**Aim of the task**
Transcribe the listing in full. Keep every line exactly as it stands.

**Material for this exercise**

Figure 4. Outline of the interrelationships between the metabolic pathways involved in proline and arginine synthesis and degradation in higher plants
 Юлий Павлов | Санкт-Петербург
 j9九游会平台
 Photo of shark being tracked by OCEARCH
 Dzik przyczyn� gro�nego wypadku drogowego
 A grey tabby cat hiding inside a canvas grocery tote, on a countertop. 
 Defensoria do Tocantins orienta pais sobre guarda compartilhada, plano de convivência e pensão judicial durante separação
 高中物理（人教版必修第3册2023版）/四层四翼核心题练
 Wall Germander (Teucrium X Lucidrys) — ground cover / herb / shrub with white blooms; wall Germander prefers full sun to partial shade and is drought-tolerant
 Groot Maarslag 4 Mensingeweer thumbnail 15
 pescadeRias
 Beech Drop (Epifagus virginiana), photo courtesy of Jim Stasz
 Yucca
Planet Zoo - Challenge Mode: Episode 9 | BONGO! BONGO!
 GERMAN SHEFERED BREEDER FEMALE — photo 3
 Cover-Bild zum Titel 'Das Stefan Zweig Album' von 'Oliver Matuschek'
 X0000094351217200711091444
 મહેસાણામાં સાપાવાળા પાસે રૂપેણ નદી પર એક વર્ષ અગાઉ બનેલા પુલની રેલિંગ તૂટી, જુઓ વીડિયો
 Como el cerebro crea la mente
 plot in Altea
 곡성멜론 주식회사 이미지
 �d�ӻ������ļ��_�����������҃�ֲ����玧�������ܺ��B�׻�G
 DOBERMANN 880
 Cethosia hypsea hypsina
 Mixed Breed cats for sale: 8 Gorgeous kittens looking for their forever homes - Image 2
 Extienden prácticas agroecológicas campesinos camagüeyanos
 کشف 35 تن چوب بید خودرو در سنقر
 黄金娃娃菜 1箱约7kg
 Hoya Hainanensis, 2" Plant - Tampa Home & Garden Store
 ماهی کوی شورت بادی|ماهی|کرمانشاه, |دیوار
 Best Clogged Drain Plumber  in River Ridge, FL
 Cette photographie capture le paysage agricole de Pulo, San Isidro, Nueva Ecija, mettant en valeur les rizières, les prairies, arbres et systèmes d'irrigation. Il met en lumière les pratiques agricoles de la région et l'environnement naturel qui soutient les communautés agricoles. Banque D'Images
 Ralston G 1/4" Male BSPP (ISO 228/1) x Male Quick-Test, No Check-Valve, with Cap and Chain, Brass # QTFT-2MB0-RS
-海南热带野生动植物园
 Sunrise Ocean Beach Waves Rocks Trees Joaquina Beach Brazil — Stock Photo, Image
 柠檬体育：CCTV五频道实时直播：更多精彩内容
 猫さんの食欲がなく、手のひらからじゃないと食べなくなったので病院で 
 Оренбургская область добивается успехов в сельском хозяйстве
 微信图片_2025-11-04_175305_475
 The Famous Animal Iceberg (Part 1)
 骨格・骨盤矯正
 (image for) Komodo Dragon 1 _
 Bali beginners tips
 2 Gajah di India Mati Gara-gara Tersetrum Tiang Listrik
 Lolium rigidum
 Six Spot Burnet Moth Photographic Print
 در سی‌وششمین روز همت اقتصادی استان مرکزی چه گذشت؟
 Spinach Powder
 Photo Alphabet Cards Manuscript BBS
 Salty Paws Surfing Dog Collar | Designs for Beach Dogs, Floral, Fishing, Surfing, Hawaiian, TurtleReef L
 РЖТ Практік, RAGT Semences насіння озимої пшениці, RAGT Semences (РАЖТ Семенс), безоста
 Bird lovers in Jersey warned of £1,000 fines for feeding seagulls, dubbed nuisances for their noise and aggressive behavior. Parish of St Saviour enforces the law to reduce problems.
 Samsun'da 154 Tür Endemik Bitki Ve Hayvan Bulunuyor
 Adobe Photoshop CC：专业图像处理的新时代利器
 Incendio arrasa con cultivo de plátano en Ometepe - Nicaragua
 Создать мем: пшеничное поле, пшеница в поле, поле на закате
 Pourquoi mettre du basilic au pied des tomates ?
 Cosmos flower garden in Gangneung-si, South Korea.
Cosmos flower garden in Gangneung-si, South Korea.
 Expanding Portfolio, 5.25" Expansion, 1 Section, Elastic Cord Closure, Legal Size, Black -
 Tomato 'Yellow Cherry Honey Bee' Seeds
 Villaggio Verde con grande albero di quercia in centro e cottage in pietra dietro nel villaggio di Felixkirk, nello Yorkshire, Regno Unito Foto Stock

**Task response**
Figure 4. Outline of the interrelationships between the metabolic pathways involved in proline and arginine synthesis and degradation in higher plants
 Юлий Павлов | Санкт-Петербург
 j9九游会平台
 Photo of shark being tracked by OCEARCH
 Dzik przyczyn� gro�nego wypadku drogowego
 A grey tabby cat hiding inside a canvas grocery tote, on a countertop. 
 Defensoria do Tocantins orienta pais sobre guarda compartilhada, plano de convivência e pensão judicial durante separação
 高中物理（人教版必修第3册2023版）/四层四翼核心题练
 Wall Germander (Teucrium X Lucidrys) — ground cover / herb / shrub with white blooms; wall Germander prefers full sun to partial shade and is drought-tolerant
 Groot Maarslag 4 Mensingeweer thumbnail 15
 pescadeRias
 Beech Drop (Epifagus virginiana), photo courtesy of Jim Stasz
 Yucca
Planet Zoo - Challenge Mode: Episode 9 | BONGO! BONGO!
 GERMAN SHEFERED BREEDER FEMALE — photo 3
 Cover-Bild zum Titel 'Das Stefan Zweig Album' von 'Oliver Matuschek'
 X0000094351217200711091444
 મહેસાણામાં સાપાવાળા પાસે રૂપેણ નદી પર એક વર્ષ અગાઉ બનેલા પુલની રેલિંગ તૂટી, જુઓ વીડિયો
 Como el cerebro crea la mente
 plot in Altea
 곡성멜론 주식회사 이미지
 �d�ӻ������ļ��_�����������҃�ֲ����玧�������ܺ��B�׻�G
 DOBERMANN 880
 Cethosia hypsea hypsina
 Mixed Breed cats for sale: 8 Gorgeous kittens looking for their forever homes - Image 2
 Extienden prácticas agroecológicas campesinos camagüeyanos
 کشف 35 تن چوب بید خودرو در سنقر
 黄金娃娃菜 1箱约7kg
 Hoya Hainanensis, 2" Plant - Tampa Home & Garden Store
 ماهی کوی شورت بادی|ماهی|کرمانشاه, |دیوار
 Best Clogged Drain Plumber  in River Ridge, FL
 Cette photographie capture le paysage agricole de Pulo, San Isidro, Nueva Ecija, mettant en valeur les rizières, les prairies, arbres et systèmes d'irrigation. Il met en lumière les pratiques agricoles de la région et l'environnement naturel qui soutient les communautés agricoles. Banque D'Images
 Ralston G 1/4" Male BSPP (ISO 228/1) x Male Quick-Test, No Check-Valve, with Cap and Chain, Brass # QTFT-2MB0-RS
-海南热带野生动植物园
 Sunrise Ocean Beach Waves Rocks Trees Joaquina Beach Brazil — Stock Photo, Image
 柠檬体育：CCTV五频道实时直播：更多精彩内容
 猫さんの食欲がなく、手のひらからじゃないと食べなくなったので病院で 
 Оренбургская область добивается успехов в сельском хозяйстве
 微信图片_2025-11-04_175305_475
 The Famous Animal Iceberg (Part 1)
 骨格・骨盤矯正
 (image for) Komodo Dragon 1 _
 Bali beginners tips
 2 Gajah di India Mati Gara-gara Tersetrum Tiang Listrik
 Lolium rigidum
 Six Spot Burnet Moth Photographic Print
 در سی‌وششمین روز همت اقتصادی استان مرکزی چه گذشت؟
 Spinach Powder
 Photo Alphabet Cards Manuscript BBS
 Salty Paws Surfing Dog Collar | Designs for Beach Dogs, Floral, Fishing, Surfing, Hawaiian, TurtleReef L
 РЖТ Практік, RAGT Semences насіння озимої пшениці, RAGT Semences (РАЖТ Семенс), безоста
 Bird lovers in Jersey warned of £1,000 fines for feeding seagulls, dubbed nuisances for their noise and aggressive behavior. Parish of St Saviour enforces the law to reduce problems.
 Samsun'da 154 Tür Endemik Bitki Ve Hayvan Bulunuyor
 Adobe Photoshop CC：专业图像处理的新时代利器
 Incendio arrasa con cultivo de plátano en Ometepe - Nicaragua
 Создать мем: пшеничное поле, пшеница в поле, поле на закате
 Pourquoi mettre du basilic au pied des tomates ?
 Cosmos flower garden in Gangneung-si, South Korea.
Cosmos flower garden in Gangneung-si, South Korea.
 Expanding Portfolio, 5.25" Expansion, 1 Section, Elastic Cord Closure, Legal Size, Black -
 Tomato 'Yellow Cherry Honey Bee' Seeds
 Villaggio Verde con grande albero di quercia in centro e cottage in pietra dietro nel villaggio di Felixkirk, nello Yorkshire, Regno Unito Foto Stock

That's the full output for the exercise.